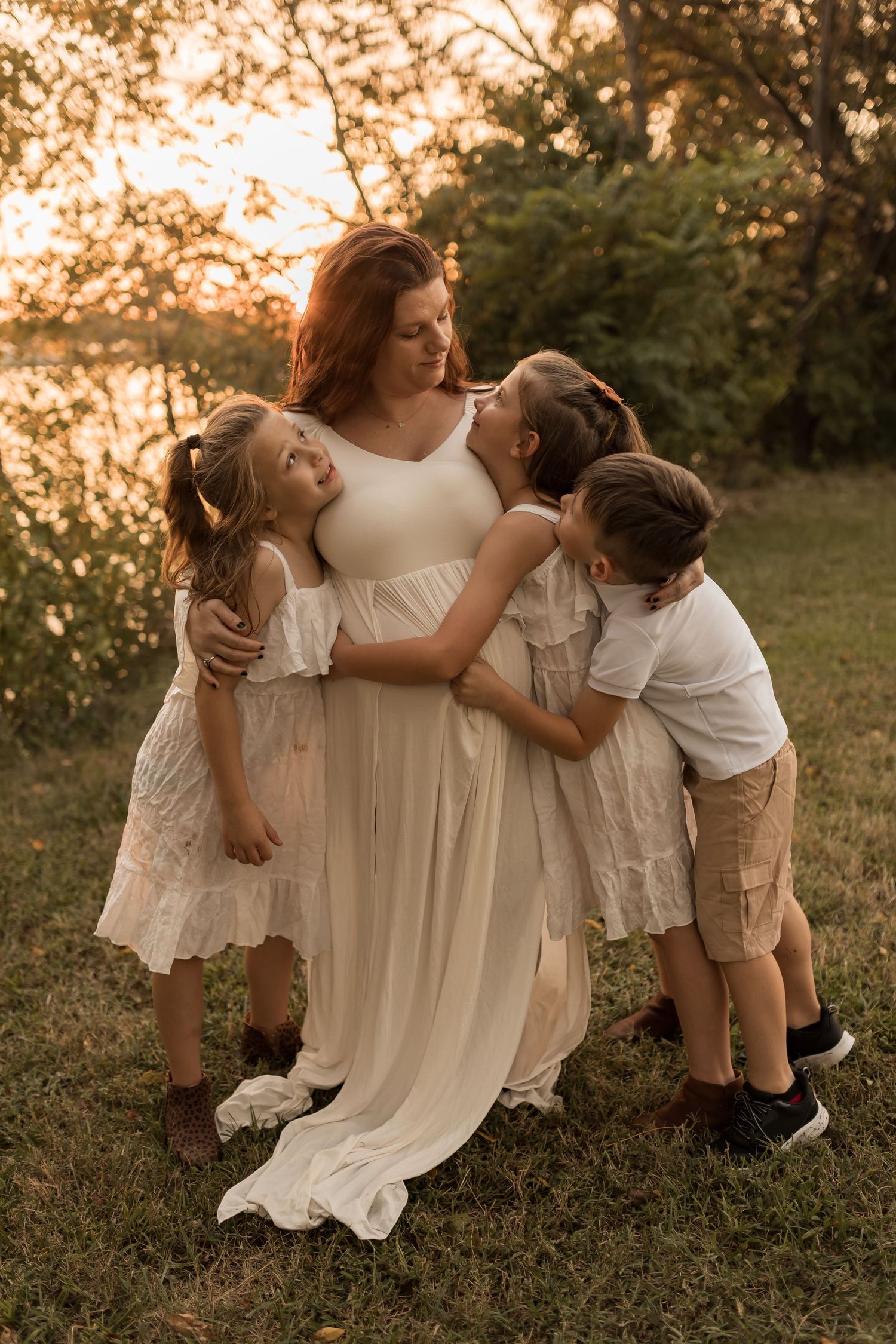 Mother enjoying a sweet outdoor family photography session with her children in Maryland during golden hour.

________

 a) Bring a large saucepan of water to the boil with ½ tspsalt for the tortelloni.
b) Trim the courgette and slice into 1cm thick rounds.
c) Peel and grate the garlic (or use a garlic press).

________

__What this task involves__
For the material above, reproduce exactly the lines from the line with "b) Trim the" to the line with "c) Peel and", inclusive, and exclude all others.

__Written solution__
b) Trim the courgette and slice into 1cm thick rounds.
c) Peel and grate the garlic (or use a garlic press).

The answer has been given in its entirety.